There is much to do in Marakesh. I loved the souks and was thrilled by the excitement of the old second hand market near Souk Semarine. It is strictly for Moroccans, I was told. It is where slaves used to be sold. Now it is run by Berber women; a place where second hand clothes are bartered and magic charms, potions and lotions are sold.
It is an outdoor market and looks to be right out of an Indiana Jones movie. Here you will see strings of fat yellow amber cascading from the top of the stalls, endangered tiger and leopard skins, dried birds of prey carcasses, replete with huge feathers, live exotic animals like falcons, eagles, brightly colored lizards, jars of insects, seashells, enormous skeins of brightly colored wool and more.
In Marakesh, you can’t beat the street food. Freshly squeezed orange juice for 3 dirham a glass (35 cents). With your meals you get wonderful red olives and homemade bread. You can choose from hot, fresh, tender fried calamari, char grilled liver kebobs with chunks of fat in between the meat for moisture and flavor, lamb sausages, fish, tangia, couscous and chicken and much more. Stay away from the chicken though. It is tough enough to whup Mohammed Ali in his prime!
If you do go, please say hello to my friend Abdul in stall 25. Tell him DeLaine from Texas sent you.
I recommend purchasing a phone card. It can be used for both local and international cards and the cost is nominal about 40, 60 or 90 dirham.
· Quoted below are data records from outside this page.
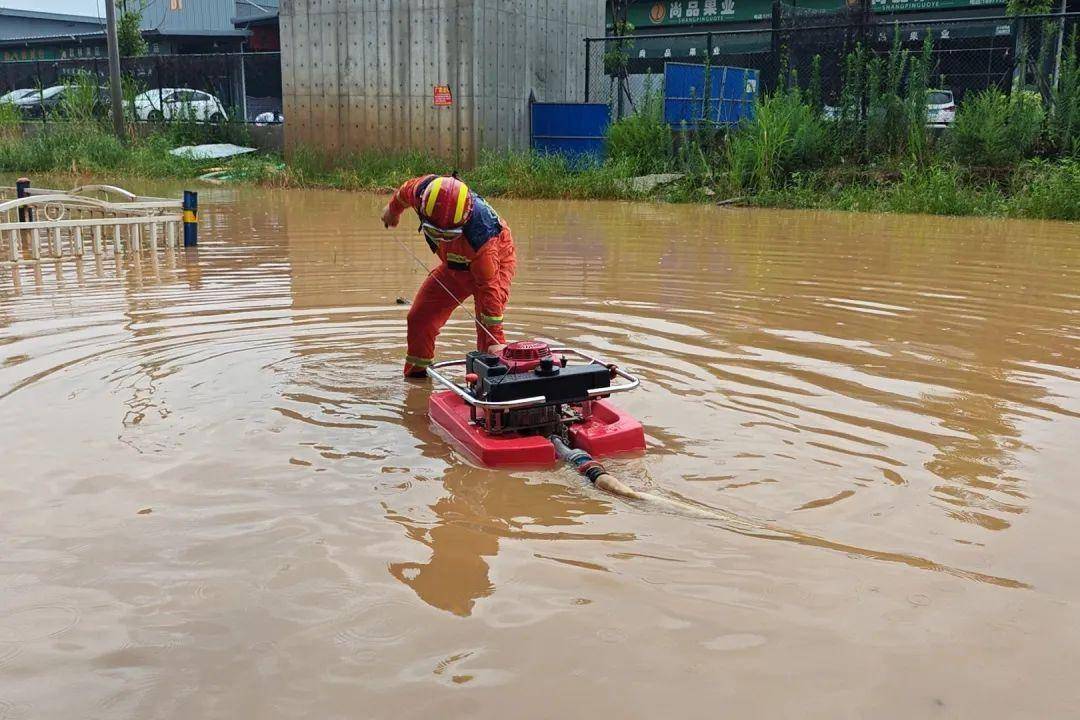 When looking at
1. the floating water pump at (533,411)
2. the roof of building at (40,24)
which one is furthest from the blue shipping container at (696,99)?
the roof of building at (40,24)

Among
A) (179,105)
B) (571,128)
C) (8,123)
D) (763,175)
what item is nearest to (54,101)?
(8,123)

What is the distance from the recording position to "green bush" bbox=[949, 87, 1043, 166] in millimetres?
16406

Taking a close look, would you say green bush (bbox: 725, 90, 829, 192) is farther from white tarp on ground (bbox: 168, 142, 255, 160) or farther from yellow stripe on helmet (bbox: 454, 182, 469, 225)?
white tarp on ground (bbox: 168, 142, 255, 160)

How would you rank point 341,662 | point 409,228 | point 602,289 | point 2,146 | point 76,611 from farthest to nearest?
point 2,146 < point 409,228 < point 602,289 < point 76,611 < point 341,662

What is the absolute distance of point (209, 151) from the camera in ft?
81.6

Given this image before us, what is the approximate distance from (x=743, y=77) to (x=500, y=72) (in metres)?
5.08

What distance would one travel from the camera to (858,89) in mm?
17953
It is better than fumbling for change. Just don’t forget to retrieve the card when prompted.
Morocco is a country of contrasts, the ancient and the modern juxtaposed. You will find this even in people. My friend Karim is a modern man, employed, educated and sweet, but he firmly adheres to a belief in the evil eye and explained in detail how it works.
From Marakesh, I took the CTM bus to Taroundant, a small ancient walled city called “Little Marakesh” because of its souks and tannery. I stayed at the Hotel Taroundant for 100 dirham. It has a nice garden with fake critters, is clean and centrally located. From the hotel you can reach just about everything on foot, but try a calech (horse and buggy) for a few dirham.
Shopping is better in Taroundant vs Marakesh. I have a friend there who invited me to have lunch with him and his family. The home was spacious, immaculate and very beautiful. We feasted on tender beef tagine with prunes. Simply scrumptious. Moroccan hospitality is legendary. His mother even gave me a lovely scarf because I was cold.
My travel mate and I also took the bus to Essaouria. We stayed at Hotel Majestic for 100 dirham for a double. It was well located and clean enough with hot water. The views over the ocean as the sun was setting were great. The gulls were hungry and enormous! Like in the Alfred Hitchcock horror flick, they swoop down on you.
We ate by the ocean and had the seafood platter of different types of grilled fish for 70 dirham, including calamari and sardines. We also had a strange looking red fish that came to us with its mouth agape, as though screaming. We thought it was funny. The food was good and plentiful but a little too salty for me. I ate it anyway; all of it, so it couldn’t have been too bad huh?
Morocco is great. There is no other place like it for the exotic and the thrill of it all.
I will forever be indebted to those kind Moroccans who took me into their homes and showed me unbelievable kindness. Inshallah, we will meet again.